§ Data section
┄┄┄┄┄┄┄┄┄┄
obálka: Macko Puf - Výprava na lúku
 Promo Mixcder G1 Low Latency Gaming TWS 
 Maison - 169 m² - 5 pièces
┄┄┄┄┄┄┄┄┄┄
§ Task statement
The expected output is the run of lines from the one that includes "Promo Mixcder G1 Low Latency Gaming TWS" through the end of the listing above, exactly as they stand.

§ Exercise output
 Promo Mixcder G1 Low Latency Gaming TWS 
 Maison - 169 m² - 5 pièces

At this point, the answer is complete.